[Start of section]

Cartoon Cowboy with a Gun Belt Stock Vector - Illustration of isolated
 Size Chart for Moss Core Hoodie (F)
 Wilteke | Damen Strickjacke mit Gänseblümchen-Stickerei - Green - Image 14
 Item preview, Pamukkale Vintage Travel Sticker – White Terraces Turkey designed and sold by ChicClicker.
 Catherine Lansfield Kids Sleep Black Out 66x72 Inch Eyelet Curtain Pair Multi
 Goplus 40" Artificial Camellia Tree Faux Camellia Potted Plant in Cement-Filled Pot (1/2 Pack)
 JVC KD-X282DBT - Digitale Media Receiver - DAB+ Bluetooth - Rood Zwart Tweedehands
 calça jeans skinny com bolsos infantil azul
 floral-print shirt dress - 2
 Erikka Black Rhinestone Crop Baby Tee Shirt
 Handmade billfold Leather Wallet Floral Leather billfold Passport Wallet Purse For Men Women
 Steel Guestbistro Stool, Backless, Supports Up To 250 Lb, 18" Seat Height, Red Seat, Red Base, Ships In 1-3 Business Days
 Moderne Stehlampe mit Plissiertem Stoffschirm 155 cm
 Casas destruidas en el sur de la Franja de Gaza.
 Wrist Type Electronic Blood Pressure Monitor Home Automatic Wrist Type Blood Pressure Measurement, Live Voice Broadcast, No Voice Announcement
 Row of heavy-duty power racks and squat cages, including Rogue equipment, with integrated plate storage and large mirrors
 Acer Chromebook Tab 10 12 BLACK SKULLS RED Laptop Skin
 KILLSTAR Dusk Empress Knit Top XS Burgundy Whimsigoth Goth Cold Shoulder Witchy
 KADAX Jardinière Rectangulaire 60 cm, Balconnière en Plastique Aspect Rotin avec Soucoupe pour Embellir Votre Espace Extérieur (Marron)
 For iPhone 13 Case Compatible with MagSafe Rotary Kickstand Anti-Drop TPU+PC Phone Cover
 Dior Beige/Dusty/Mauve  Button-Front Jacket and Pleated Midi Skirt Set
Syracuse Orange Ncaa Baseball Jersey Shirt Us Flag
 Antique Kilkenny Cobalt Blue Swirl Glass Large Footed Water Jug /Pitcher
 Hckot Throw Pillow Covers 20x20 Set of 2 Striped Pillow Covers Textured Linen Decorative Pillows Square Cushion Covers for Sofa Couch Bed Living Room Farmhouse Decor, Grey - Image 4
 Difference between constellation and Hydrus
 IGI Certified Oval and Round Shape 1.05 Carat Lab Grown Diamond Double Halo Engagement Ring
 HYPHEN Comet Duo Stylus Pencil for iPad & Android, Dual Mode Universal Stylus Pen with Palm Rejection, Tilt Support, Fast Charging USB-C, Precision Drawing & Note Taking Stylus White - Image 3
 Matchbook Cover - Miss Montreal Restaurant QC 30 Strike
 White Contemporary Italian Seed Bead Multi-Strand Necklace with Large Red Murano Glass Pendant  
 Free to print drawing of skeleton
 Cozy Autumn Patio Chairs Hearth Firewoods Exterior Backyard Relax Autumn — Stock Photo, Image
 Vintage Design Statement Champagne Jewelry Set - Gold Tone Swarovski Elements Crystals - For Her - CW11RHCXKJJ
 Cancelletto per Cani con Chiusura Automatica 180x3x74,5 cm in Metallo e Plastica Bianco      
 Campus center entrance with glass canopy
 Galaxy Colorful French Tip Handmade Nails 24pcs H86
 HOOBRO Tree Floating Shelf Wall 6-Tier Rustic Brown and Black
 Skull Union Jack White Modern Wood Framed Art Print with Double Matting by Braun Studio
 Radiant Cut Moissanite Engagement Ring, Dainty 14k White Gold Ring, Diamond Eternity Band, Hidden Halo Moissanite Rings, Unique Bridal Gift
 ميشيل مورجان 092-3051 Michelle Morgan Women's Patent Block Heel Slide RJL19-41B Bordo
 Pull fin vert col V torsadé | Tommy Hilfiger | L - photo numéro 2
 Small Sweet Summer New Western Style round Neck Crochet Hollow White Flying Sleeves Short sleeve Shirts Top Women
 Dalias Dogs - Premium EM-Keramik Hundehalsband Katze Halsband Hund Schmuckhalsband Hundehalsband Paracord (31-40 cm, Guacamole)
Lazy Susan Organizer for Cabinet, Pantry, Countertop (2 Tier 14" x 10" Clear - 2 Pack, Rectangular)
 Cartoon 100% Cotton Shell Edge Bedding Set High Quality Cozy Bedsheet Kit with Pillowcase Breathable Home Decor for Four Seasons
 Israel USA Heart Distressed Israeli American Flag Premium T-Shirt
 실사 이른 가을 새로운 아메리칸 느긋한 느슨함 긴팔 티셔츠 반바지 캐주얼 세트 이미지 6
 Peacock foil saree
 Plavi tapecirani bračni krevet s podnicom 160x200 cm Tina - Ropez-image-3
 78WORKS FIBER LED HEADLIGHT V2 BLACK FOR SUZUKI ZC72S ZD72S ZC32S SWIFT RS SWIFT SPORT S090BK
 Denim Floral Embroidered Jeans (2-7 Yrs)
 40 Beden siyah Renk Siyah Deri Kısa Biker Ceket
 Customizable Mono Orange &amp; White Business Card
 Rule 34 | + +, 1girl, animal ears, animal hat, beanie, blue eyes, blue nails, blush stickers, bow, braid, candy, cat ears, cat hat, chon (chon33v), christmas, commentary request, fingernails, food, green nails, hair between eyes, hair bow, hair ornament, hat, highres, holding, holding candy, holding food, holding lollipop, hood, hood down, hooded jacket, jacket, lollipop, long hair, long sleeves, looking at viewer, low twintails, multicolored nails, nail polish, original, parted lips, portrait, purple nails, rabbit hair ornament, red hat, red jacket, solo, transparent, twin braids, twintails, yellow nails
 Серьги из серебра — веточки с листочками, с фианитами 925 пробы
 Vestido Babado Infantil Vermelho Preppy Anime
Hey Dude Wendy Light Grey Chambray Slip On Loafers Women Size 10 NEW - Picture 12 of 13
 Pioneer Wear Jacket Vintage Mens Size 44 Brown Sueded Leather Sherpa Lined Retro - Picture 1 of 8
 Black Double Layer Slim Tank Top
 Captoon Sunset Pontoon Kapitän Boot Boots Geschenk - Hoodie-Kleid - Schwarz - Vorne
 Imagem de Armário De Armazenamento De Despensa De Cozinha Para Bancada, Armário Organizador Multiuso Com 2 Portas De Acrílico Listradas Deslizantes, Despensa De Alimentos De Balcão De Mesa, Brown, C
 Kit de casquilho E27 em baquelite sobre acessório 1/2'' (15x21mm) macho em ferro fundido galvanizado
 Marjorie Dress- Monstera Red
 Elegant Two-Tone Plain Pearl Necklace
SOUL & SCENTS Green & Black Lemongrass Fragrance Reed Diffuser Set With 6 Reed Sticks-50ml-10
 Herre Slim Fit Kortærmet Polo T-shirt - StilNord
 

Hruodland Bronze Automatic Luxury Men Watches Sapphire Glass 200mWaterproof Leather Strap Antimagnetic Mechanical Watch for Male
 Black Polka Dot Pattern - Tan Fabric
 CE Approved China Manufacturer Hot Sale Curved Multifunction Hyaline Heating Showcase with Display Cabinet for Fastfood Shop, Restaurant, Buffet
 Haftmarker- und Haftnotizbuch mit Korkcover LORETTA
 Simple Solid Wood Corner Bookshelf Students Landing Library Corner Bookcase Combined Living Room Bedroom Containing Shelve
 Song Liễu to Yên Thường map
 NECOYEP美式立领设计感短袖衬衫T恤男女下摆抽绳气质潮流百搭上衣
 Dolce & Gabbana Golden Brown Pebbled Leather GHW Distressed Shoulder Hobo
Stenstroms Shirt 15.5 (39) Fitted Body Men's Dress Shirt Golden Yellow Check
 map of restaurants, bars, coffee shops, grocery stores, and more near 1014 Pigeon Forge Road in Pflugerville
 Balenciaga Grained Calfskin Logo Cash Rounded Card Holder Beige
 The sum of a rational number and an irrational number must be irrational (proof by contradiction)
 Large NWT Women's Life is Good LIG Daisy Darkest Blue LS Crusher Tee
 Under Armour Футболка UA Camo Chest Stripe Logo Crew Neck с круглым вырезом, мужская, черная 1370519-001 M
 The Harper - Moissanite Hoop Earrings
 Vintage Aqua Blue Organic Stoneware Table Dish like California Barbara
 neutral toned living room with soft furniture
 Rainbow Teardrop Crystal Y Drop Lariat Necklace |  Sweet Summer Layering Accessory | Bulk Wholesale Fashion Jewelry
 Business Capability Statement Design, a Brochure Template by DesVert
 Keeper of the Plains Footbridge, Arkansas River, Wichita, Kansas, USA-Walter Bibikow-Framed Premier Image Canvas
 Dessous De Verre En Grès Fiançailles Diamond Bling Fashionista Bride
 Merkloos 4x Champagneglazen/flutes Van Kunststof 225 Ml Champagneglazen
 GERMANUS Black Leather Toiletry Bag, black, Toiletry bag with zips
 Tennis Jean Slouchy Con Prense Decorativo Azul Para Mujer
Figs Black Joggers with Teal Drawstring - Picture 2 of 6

[End of section]

◆ **Requirement**
Within the entries above, how many lines include the word "Logo"? Respond with the number only.

◆ **Written response**
2